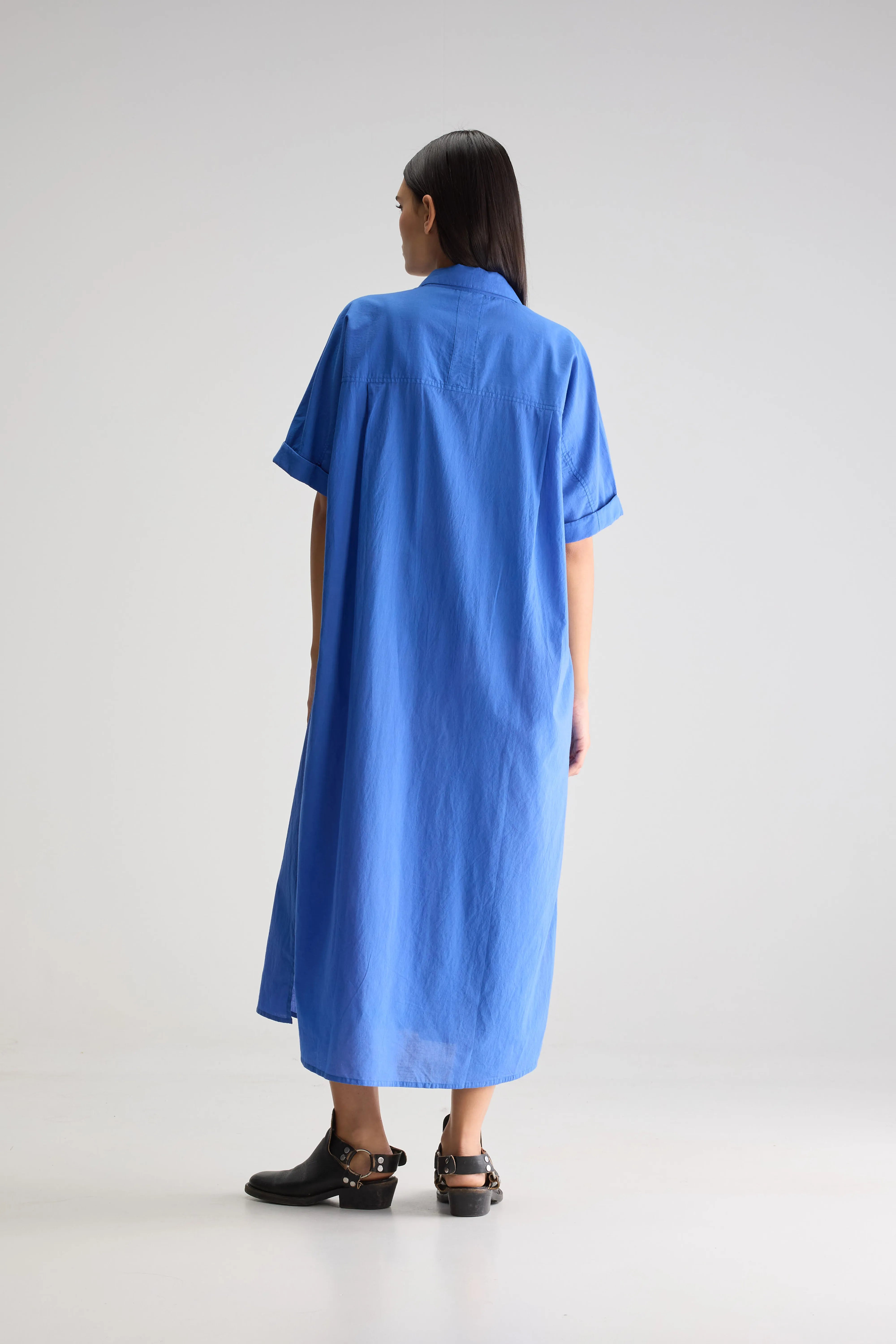 Keren Long Shirt Dress - Iris bloom For Women | Bellerose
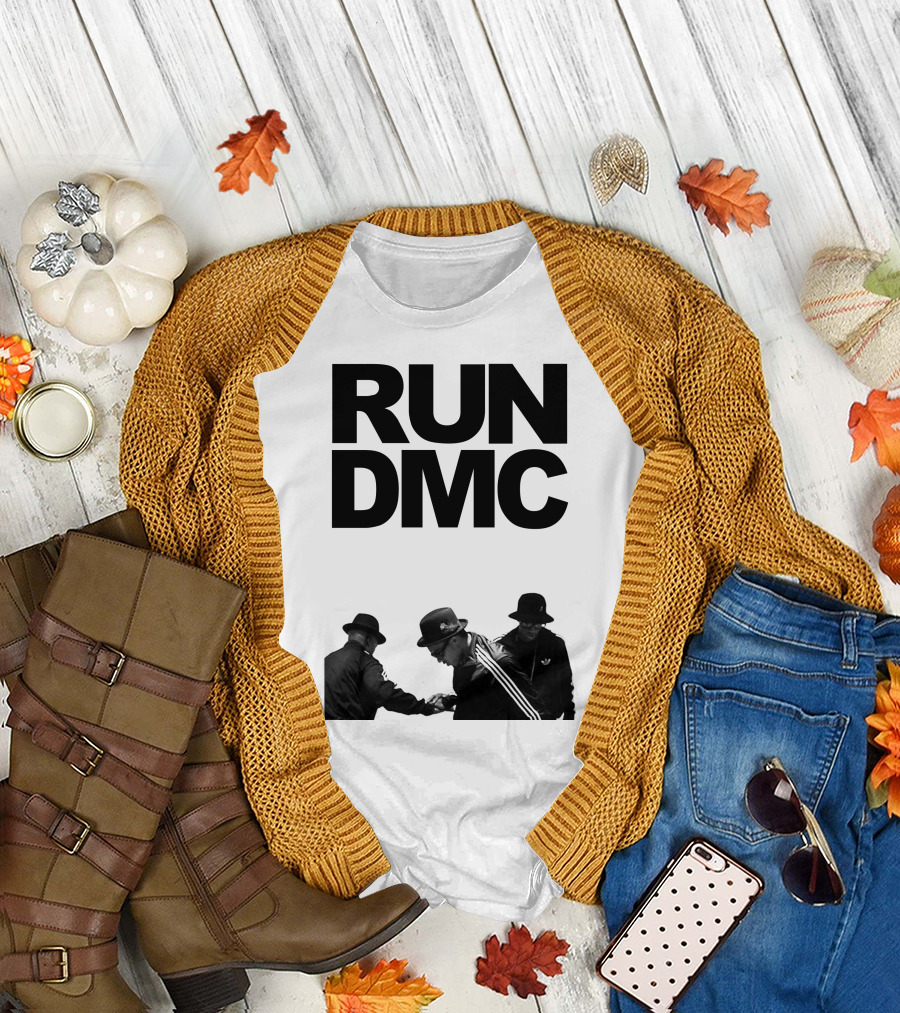 RUN DMC Hip Hop Legends Iconic Street T-Shirt
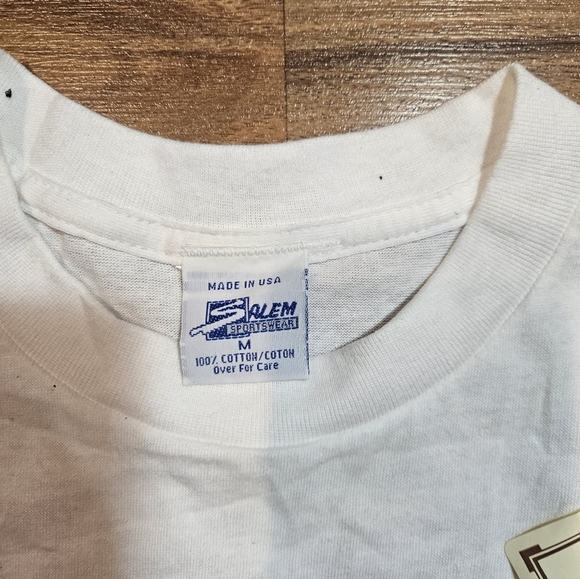 Vintage 1991 Minnesota Twins World Series Champs T-Shirt M Salem Sportswear USA - Picture 4 of 9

WHAT YOU WILL DO
In full and without changes, repeat the listing above, but not its pictures.

THE COMPLETED TASK
 Keren Long Shirt Dress - Iris bloom For Women | Bellerose
 RUN DMC Hip Hop Legends Iconic Street T-Shirt
 Vintage 1991 Minnesota Twins World Series Champs T-Shirt M Salem Sportswear USA - Picture 4 of 9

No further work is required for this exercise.